__TASK ITEM__:
Copy the data below exactly. Any pictures in it should be omitted.

__INPUT RECORDS__:
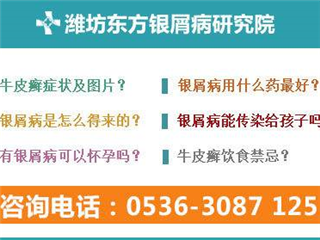 养生保健：比潍坊银屑病医院专业根治牛皮癣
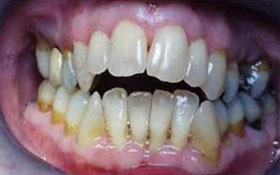 Open bite treatment
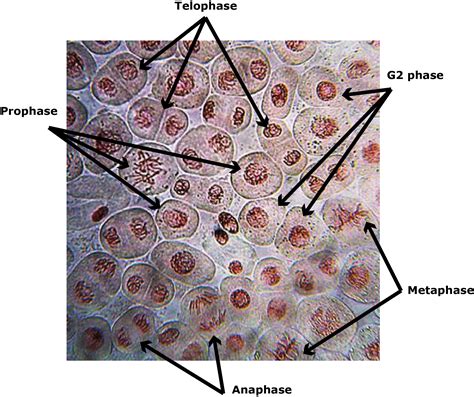 Onion Root Tip Cell Mitosis | 10.3.1: Interphase, Mitosis, and Cytokinesis – WHKRQ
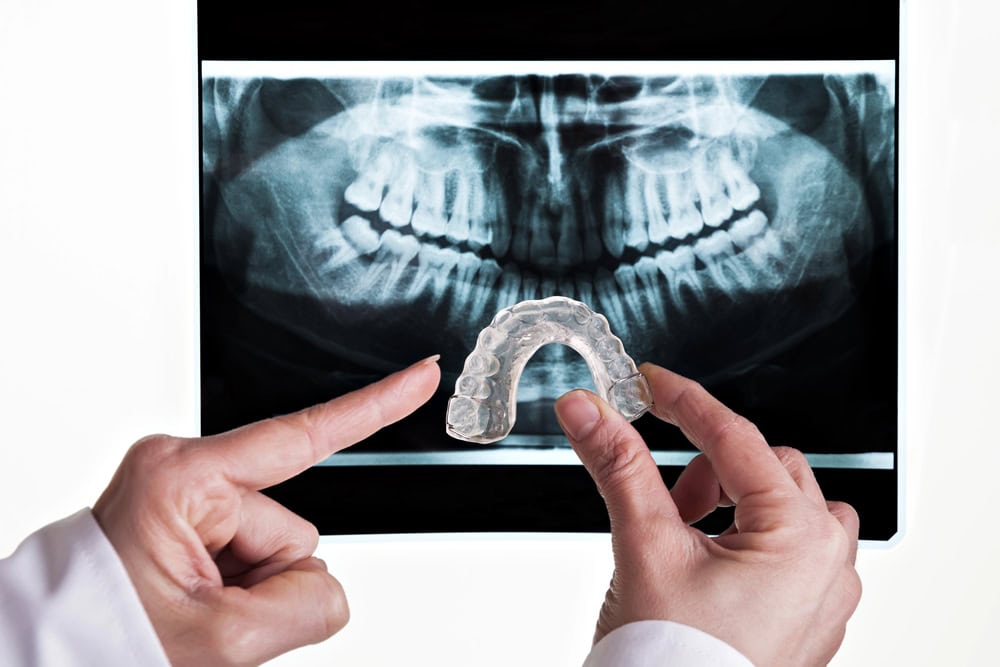 x-ray bruxism night guard illustrates TMJ treatment
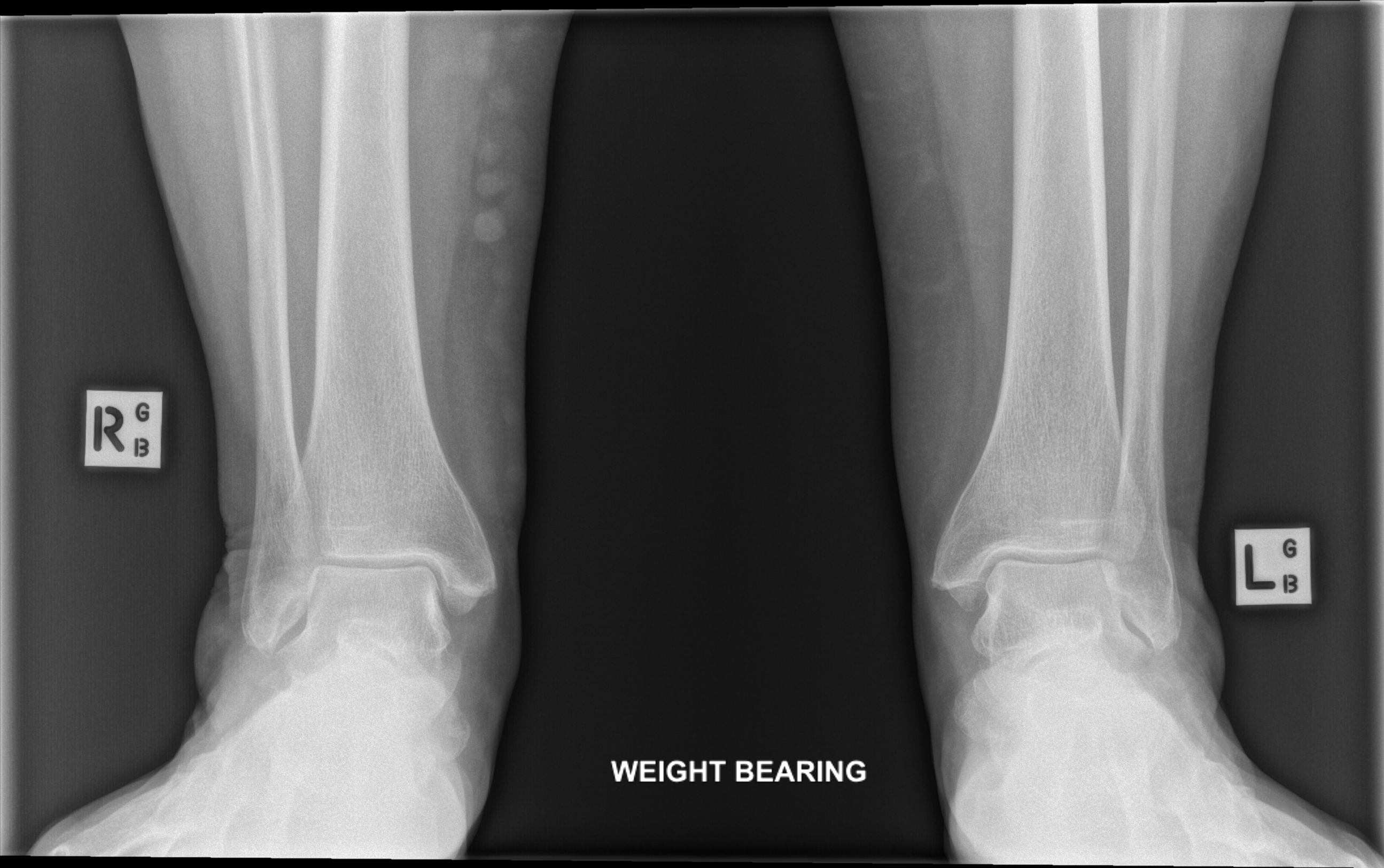 Ankle Syndesmotic Injury (weight-bearing X-ray) | Image | Radiopaedia.org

__WRITTEN SOLUTION__:
 养生保健：比潍坊银屑病医院专业根治牛皮癣
 Open bite treatment
 Onion Root Tip Cell Mitosis | 10.3.1: Interphase, Mitosis, and Cytokinesis – WHKRQ
 x-ray bruxism night guard illustrates TMJ treatment
 Ankle Syndesmotic Injury (weight-bearing X-ray) | Image | Radiopaedia.org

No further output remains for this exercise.